Much like your blood pressure, your eye has pressure too. When this intraocular pressure (IOP) exceeds its healthy pressure level, it would damage the optic nerve. This can result in decreased peripheral vision and if left untreated can eventually lead to blindness. Glaucoma affects three million Americans today and is the second leading cause of blindness in the US because only half of the people know they have it while the others are left untreated. Generally, there are no signs that one is developing glaucoma until vision loss starts occurring, which is why for people who are 40 years and older, it is important to have annual eye examinations. Your ophthalmologist can detect and diagnose high IOP before it progresses to optic nerve damage and vision loss.
Various types of glaucoma
Chronic Glaucoma is often referred to as “the silent thief of sight” because there are no warning signs that there is anything wrong with your vision. This form of glaucoma happens when the eyes drainage system becomes blocked which subsequently creates a rise in the IOP. Your peripheral vision would gradually unnoticeably decrease and by the time you notice it, permanent damage has already occurred. If left untreated you IOP would remain high and the destruction would progress until tunnel vision develops where you will only be able to see objects that are straight ahead.
Angle-Closure Glaucoma or Closed Angle Glaucoma, most commonly occur in Chinese or Asian descent, produces sudden symptoms such as severe eye pain or headache accompanied by nausea, blurred vision, and haloes around lights.
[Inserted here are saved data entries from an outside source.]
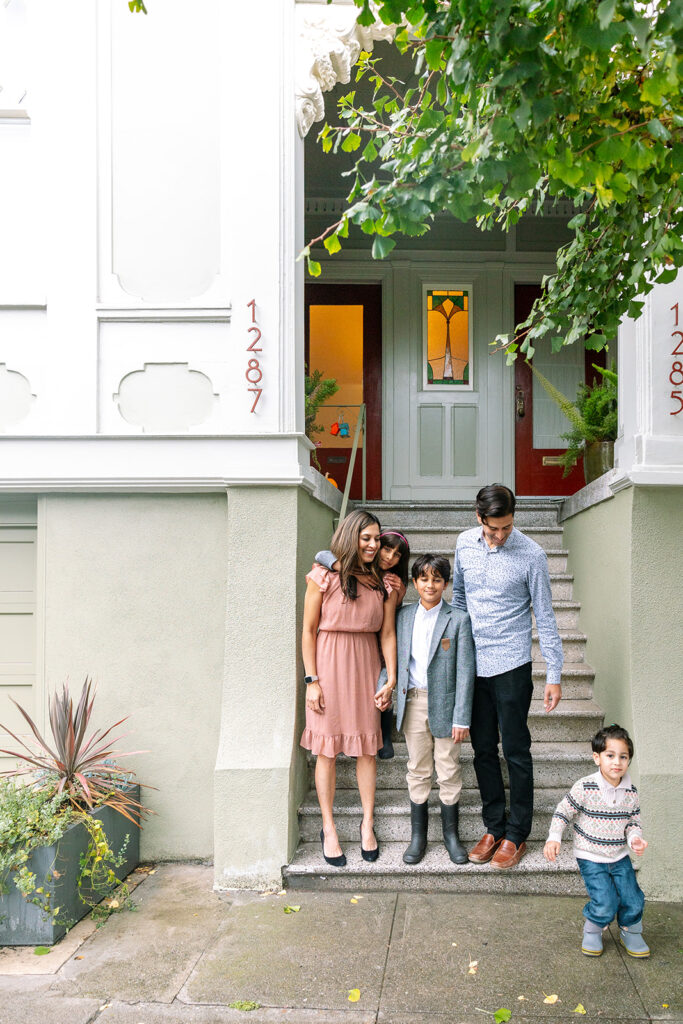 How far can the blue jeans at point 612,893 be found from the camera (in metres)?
3.72

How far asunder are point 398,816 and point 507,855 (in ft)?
2.27

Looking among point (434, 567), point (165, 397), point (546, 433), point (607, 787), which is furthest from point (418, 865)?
point (546, 433)

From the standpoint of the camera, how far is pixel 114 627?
5.07m

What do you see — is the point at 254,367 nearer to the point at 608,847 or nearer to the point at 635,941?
the point at 608,847

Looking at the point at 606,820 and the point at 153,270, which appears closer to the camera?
the point at 606,820

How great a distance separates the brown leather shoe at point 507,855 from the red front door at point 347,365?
471cm

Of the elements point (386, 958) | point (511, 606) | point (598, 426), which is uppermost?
point (598, 426)

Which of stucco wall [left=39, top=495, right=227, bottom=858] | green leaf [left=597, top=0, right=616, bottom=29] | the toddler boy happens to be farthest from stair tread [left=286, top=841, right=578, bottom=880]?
green leaf [left=597, top=0, right=616, bottom=29]

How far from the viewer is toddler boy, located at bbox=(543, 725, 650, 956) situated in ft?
12.2

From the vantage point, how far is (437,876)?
441cm

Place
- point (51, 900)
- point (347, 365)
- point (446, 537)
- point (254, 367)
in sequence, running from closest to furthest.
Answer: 1. point (51, 900)
2. point (254, 367)
3. point (446, 537)
4. point (347, 365)

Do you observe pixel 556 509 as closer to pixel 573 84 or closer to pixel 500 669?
pixel 500 669

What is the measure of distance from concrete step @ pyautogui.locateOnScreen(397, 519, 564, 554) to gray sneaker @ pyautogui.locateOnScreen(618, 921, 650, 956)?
10.5 ft

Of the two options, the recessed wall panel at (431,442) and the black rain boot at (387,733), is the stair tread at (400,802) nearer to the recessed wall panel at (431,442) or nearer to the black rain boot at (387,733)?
the black rain boot at (387,733) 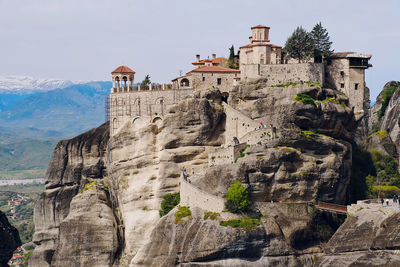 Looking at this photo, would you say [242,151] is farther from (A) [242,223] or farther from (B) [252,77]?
(B) [252,77]

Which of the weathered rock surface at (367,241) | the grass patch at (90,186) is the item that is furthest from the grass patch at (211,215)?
the grass patch at (90,186)

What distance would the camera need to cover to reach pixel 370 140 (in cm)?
9588

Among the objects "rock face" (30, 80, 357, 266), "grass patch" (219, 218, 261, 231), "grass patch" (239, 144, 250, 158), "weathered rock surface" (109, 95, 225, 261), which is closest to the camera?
"grass patch" (219, 218, 261, 231)

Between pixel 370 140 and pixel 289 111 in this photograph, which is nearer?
pixel 289 111

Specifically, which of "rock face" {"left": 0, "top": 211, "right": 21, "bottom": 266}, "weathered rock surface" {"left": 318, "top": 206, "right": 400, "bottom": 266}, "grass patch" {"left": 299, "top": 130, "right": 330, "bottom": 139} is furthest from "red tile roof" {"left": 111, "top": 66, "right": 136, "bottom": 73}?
"weathered rock surface" {"left": 318, "top": 206, "right": 400, "bottom": 266}

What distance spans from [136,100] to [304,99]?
2079cm

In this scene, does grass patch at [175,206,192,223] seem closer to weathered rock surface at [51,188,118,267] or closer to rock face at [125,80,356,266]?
rock face at [125,80,356,266]

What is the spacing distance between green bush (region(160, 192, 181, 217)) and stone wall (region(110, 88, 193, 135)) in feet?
32.3

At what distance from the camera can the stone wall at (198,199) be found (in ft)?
252

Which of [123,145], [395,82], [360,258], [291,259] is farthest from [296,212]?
[395,82]

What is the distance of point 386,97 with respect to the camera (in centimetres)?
11062

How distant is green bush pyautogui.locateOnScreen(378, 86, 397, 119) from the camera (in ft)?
357

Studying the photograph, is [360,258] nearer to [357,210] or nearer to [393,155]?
[357,210]

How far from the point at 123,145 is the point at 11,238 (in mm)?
16781
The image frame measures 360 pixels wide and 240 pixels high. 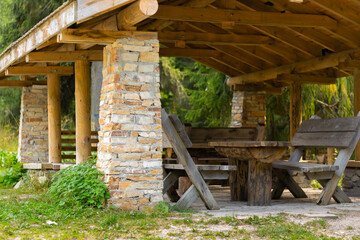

There are no cures for glaucoma, however there are several treatments that can prevent further or stop vision loss by controlling the number one risk factor of glaucoma – high levels of IOP (intraocular pressure). In most patients, the primary method of controlling high unsafe levels of IOP is thru eye drops. Sometimes in requires several medications that complement each other to reduce the pressure adequately. Laser therapy and surgery are only used when medication treatment fails to lower the pressure to a healthy pressure. The objective of any of these glaucoma procedures is to allow the fluid to drain from the eye more efficiently.